■ Problem requirements: The word "page" may appear in lines of the data below. Say how many lines hold it, giving only the number.

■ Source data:
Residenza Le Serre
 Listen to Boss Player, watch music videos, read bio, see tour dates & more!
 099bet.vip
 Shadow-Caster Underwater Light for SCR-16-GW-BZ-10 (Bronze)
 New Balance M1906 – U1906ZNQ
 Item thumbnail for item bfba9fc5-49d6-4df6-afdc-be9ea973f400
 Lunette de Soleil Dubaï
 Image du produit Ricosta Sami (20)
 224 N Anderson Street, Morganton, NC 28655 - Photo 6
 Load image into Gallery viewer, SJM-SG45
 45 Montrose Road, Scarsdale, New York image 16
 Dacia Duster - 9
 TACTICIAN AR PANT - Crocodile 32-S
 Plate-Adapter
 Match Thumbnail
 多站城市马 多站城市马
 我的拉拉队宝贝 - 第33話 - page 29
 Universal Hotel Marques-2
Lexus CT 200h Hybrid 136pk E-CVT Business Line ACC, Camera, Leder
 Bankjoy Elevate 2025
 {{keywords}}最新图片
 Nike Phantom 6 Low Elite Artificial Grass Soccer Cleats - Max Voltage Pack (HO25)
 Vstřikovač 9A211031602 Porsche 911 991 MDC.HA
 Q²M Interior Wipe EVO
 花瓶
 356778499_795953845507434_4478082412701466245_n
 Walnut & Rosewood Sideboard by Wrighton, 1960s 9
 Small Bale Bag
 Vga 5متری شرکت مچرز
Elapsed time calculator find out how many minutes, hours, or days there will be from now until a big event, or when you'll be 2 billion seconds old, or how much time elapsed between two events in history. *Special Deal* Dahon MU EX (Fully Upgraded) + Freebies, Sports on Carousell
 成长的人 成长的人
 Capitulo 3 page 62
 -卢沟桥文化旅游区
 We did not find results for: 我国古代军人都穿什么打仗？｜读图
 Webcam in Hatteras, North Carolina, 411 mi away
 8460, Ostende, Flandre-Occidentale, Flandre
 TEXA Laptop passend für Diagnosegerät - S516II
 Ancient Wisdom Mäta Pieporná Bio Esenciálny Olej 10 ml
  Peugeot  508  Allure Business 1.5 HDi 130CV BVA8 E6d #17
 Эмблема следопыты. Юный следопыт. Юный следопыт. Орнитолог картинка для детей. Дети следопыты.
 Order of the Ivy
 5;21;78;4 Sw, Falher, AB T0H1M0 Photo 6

■ Solution to the exercise: 2